Chocolatier Josef Zotter unterstützt Awareness-Kampagne für Social & Green Entrepreneurship
Mit Josef Zotter konnte der Social Business Hub Styria den international anerkannten Schokoladenhersteller, erfolgreichen Social Entrepreneur und steirischen „Andersmacher“ als Testimonial für die „Wir retten die Welt! Bist du dabei?“-Kampagne gewinnen. Im folgenden Gespräch erklärt er, warum das Streben nach schnellem Wachstum zum Stolperstein werden kann, warum in jeder Idee ein Zauber steckt und warum der Begriff „Start-up“ neu gedacht werden sollte.
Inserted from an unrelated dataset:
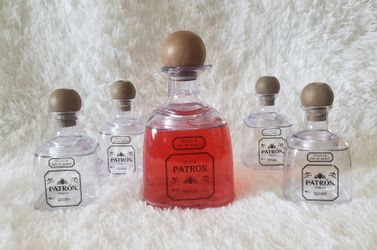 Patron shaped shaker cup and cup with straw.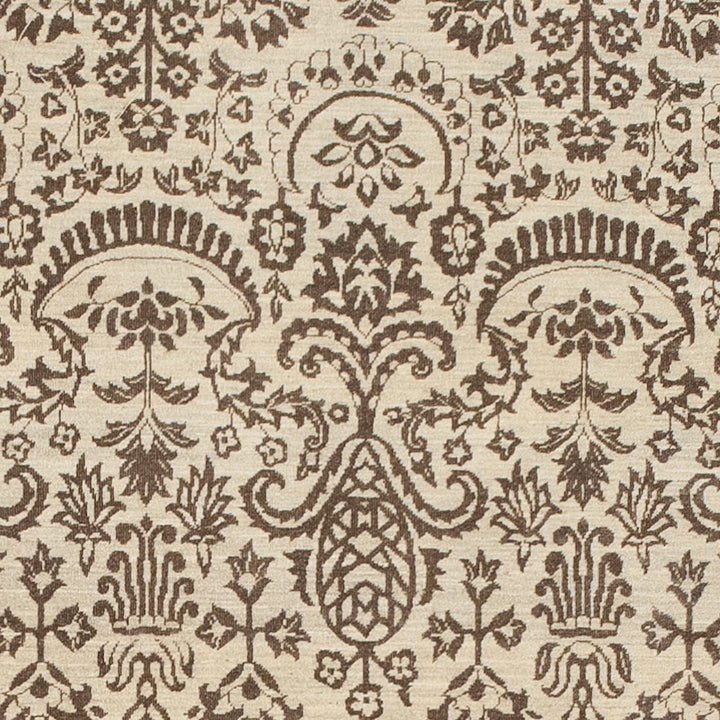 Intricate floral and ornamental design on high-quality traditional rug.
Was stimmt mit unserer Wirtschaft nicht?
Josef Zotter: In unserer Wirtschaft stimmt nur eines nicht: Wir sind total programmiert auf ewiges Wachstum. Jetzt fürchten sich alle vor einer Rezession, denn das würde ja bedeuten, dass wir ein bisschen zurückfallen werden. Die Wahrheit ist aber, dass wir uns das wünschen sollten. Wollen wir eine Wirtschaft, die einen Sinn hat, dann müssten wir sie eigentlich bewusst zurückfahren. Sicher kann man sagen, dass man in Afrika, in China oder in Indien noch wachsen kann, nur wenn die alle so wachsen wie wir, dann ersticken wir sowieso.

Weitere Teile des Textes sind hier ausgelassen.